So what part of your quote stated that the swing arm is not part of the frame? On the owner's manual it stated that some parts are covered in 1, 5 or lifetime. It does not describe which part. I have two Mom and Pops shop dealerships that told me that it was covered since it's part of the frame. Only when I brought it back to Sports Chalet and contacted DB that it was not. Where did you get your information so I can read it?


----------



## One Pivot (Nov 20, 2009)

its in your owners manual, last page. http://www.diamondback.com/wp-content/uploads/2008/03/05-08_db_ms_ownersmanual.pdf


----------



## arielDB (Sep 17, 2009)

*They took care of my crack,*



One Pivot said:


> its in your owners manual, last page. http://www.diamondback.com/wp-content/uploads/2008/03/05-08_db_ms_ownersmanual.pdf


They took care of my crack, 
:thumbsup:


----------



## DavidNeiles (May 8, 2008)

Looks like that bolt was overtightened, Never seen a Recoil frame crack in over 6 yrs selling them. Sucks man, Warranty is true as others have said. I think it is the SC's fault of improper assembly. Just my 2 cents. Still could just have been a defect but if you have had it for 2 yrs and now it cracked, I'd say the bolt was over torqued by the tech judging the picture.


----------



## Jesse Smith (Feb 3, 2009)

As long as it fits you, and you throw on some slicks, you're better off riding the Univega. It's better suited for a charity ride. 
As far as the DB, it's pretty much universal for fs frame warranties to not include suspension parts, especially swing arms and linkage.. It'd be tough to find a manufacturer that varies from this. 
Since both arms cracked, it would appear to be an overtightened bolt. The question is whether it was overtightened at the factory, at SC, or during some maintenance/replacement. Since the swing arm comes out of the box already attached and there's no assembly required, there's no reason for a SC tech to have ever touched it. It's not out of the question that it was overtightened at the factory, but it's now impossible to prove. And this isn't a common thing or unique to DB bikes. An overtightened bolt could crack a Trek, Dale, or Specialized. It would have been a good compromise to give you a discount on the replacement swing arm.
The timing of the failure was unfortunate, outside of the warranty period, but the warranty is still cut and dry.


----------



## MaDaPaKhA69 (Mar 1, 2010)

DavidNeiles said:


> Looks like that bolt was overtightened, Never seen a Recoil frame crack in over 6 yrs selling them. Sucks man, Warranty is true as others have said. I think it is the SC's fault of improper assembly. Just my 2 cents. Still could just have been a defect but if you have had it for 2 yrs and now it cracked, I'd say the bolt was over torqued by the tech judging the picture.

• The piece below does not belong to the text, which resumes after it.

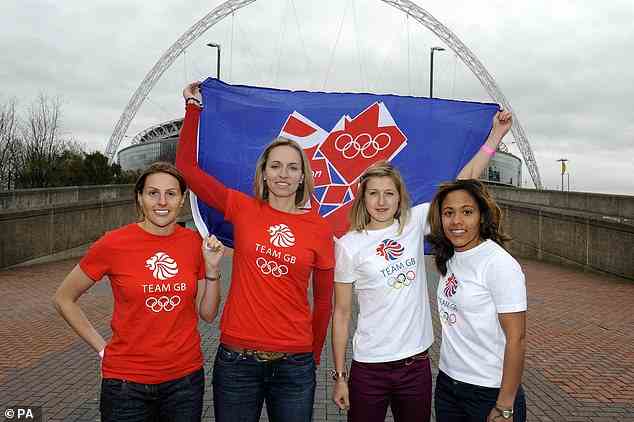 Team: Sowohl Alex als auch Kelly vertraten GB bei den Olympischen Sommerspielen 2012 (LR Kelly, Faye White, Ellen White und Alex außerhalb von Wembley)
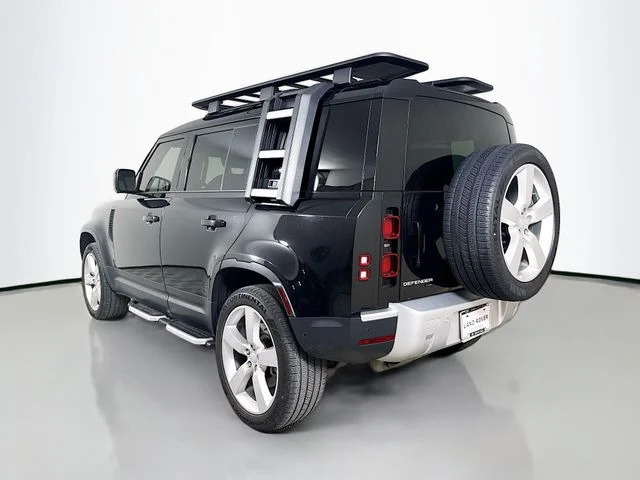 Certified Used 2023 Black Land Rover SE image 7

sounds good, I'll check with them to see if SC would take the blame... thanks.


----------



## MaDaPaKhA69 (Mar 1, 2010)

Jesse Smith said:


> As long as it fits you, and you throw on some slicks, you're better off riding the Univega. It's better suited for a charity ride.
> As far as the DB, it's pretty much universal for fs frame warranties to not include suspension parts, especially swing arms and linkage.. It'd be tough to find a manufacturer that varies from this.
> Since both arms cracked, it would appear to be an overtightened bolt. The question is whether it was overtightened at the factory, at SC, or during some maintenance/replacement. Since the swing arm comes out of the box already attached and there's no assembly required, there's no reason for a SC tech to have ever touched it. It's not out of the question that it was overtightened at the factory, but it's now impossible to prove. And this isn't a common thing or unique to DB bikes. An overtightened bolt could crack a Trek, Dale, or Specialized. It would have been a good compromise to give you a discount on the replacement swing arm.
> The timing of the failure was unfortunate, outside of the warranty period, but the warranty is still cut and dry.


Yeah, the bike sat for a while since I didn't have time to ride it. It just so happen that the charity ride was coming up, and I began to train harder the last three months. I removed the slicks from the DB and replaced it on my Univega. I couldn't even get a decent prize on this P.O.S. if I sold it as is... What a waste.


----------



## DavidNeiles (May 8, 2008)

Go in there to SC and raise cain, make sure your'e clear on your point that you believe the bolt had been over tightend and caused it. There are a few lazy techs and they don't use a torque wrench or know how to use it!! Good luck.


----------



## MaDaPaKhA69 (Mar 1, 2010)

DavidNeiles said:


> Go in there to SC and raise cain, make sure your'e clear on your point that you believe the bolt had been over tightend and caused it. There are a few lazy techs and they don't use a torque wrench or know how to use it!! Good luck.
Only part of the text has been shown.